Think about novel and memorable ways to communicate the salient messages in a presentation. Use props, demos, unexpected statistics, videos, and images where appropriate. And end on a high note with a strong story.
Humour is a key tool in the armoury of the world’s best speakers – and with good reason. The brain loves humour, which can act as an ingratiation tactic and strengthen group cohesion.
Research shows that humorous people are also seen as more intelligent and interesting. Indeed, humour is consistently ranked above educational attainment, career status, or physical attraction as a key desirable trait in a partner.
“Your audience is turned on by humor. Arouse them. Their devotion will help you be far more successful.”
By injecting natural humour into our presentations, through anecdotes, analogies and other strategies, we can capitalise on the brain’s natural attraction to humour.
#7: 18 Minutes
18 minutes, the length of a TED talk, is the ideal length of time for a presentation. As the length of a presentation increases, the cognitive burden on the listener increases too.

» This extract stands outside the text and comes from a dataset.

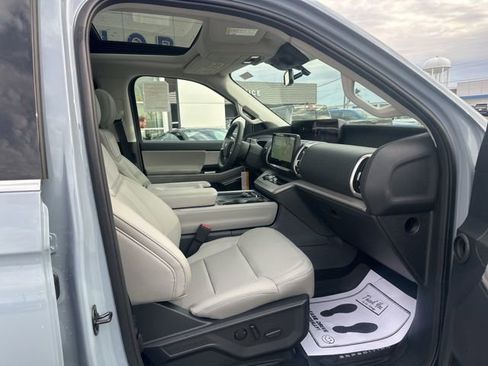 New 2026 Ford Expedition Max Active image 8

The rule of three can help us to understand why this length of time is so effective. This principle suggests people will robustly remember three pieces of information. As we add more items, this level of retention reduces significantly.
In the spirit of this rule, Gallo suggests a three-story structure for presentations. The steps are as follows:
- Create a succinct headline
- Support the headline with three key messages
- Reinforce the three messages with stories and examples
#8: Multisensory Experiences
Multisensory presentations expose the brain to novelty, making presentations more engaging and memorable. When the brain is given two mental representations of an idea – e.g. verbal and visual – the mental connections become much stronger.
Gallo suggests using pictures instead of words wherever possible. Scientists have produced ample evidence to suggest that ideas presented as images are more likely to be recalled afterwards than ideas presented as words.
All the previous ideas are meaningless if you’re not being yourself.
“When you deliver a presentation, your goal should not be to “deliver a presentation.” It should be to inspire your audience, to move them, and to encourage them to dream bigger. You cannot move people if they don’t think you’re real. You’ll never convince your audience of anything if they don’t trust, admire, and genuinely like you.”
Bottom line: Put in the hard work to craft and rehearse the presentation until it’s natural. But thereafter it stands on authentic delivery and speaking from the heart.